## TASK PROMPT:
Taking the line with "KRKC Moissanite Earrings, 1.0ct-2.0ct" as the first and the line with "Detroit 313 Hoodie" as the last, set down exactly every line in that range from the entries below, and no more.
= = = =
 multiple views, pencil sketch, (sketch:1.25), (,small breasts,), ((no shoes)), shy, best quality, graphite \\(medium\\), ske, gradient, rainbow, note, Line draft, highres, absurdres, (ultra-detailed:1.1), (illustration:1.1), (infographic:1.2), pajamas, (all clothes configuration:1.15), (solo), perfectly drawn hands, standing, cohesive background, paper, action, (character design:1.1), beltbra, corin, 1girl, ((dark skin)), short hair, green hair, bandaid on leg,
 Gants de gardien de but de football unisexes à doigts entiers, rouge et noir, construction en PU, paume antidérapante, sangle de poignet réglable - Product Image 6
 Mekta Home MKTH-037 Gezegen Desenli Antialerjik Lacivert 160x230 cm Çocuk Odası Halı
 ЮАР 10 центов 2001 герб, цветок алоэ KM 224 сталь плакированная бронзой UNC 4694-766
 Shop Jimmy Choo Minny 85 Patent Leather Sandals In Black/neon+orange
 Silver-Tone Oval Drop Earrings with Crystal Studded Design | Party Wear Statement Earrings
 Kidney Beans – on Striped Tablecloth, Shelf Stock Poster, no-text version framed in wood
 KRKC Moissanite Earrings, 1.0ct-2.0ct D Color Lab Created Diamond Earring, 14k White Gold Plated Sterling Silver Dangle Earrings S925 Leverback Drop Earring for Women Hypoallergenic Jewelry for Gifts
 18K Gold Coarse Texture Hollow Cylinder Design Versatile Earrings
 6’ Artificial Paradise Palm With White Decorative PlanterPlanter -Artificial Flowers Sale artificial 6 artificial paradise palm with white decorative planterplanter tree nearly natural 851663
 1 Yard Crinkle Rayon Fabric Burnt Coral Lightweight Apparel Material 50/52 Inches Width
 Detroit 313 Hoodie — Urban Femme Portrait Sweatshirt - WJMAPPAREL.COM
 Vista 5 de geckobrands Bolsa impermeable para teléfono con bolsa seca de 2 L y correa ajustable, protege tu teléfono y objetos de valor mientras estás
= = = =
## PROBLEM SOLUTION:
 KRKC Moissanite Earrings, 1.0ct-2.0ct D Color Lab Created Diamond Earring, 14k White Gold Plated Sterling Silver Dangle Earrings S925 Leverback Drop Earring for Women Hypoallergenic Jewelry for Gifts
 18K Gold Coarse Texture Hollow Cylinder Design Versatile Earrings
 6’ Artificial Paradise Palm With White Decorative PlanterPlanter -Artificial Flowers Sale artificial 6 artificial paradise palm with white decorative planterplanter tree nearly natural 851663
 1 Yard Crinkle Rayon Fabric Burnt Coral Lightweight Apparel Material 50/52 Inches Width
 Detroit 313 Hoodie — Urban Femme Portrait Sweatshirt - WJMAPPAREL.COM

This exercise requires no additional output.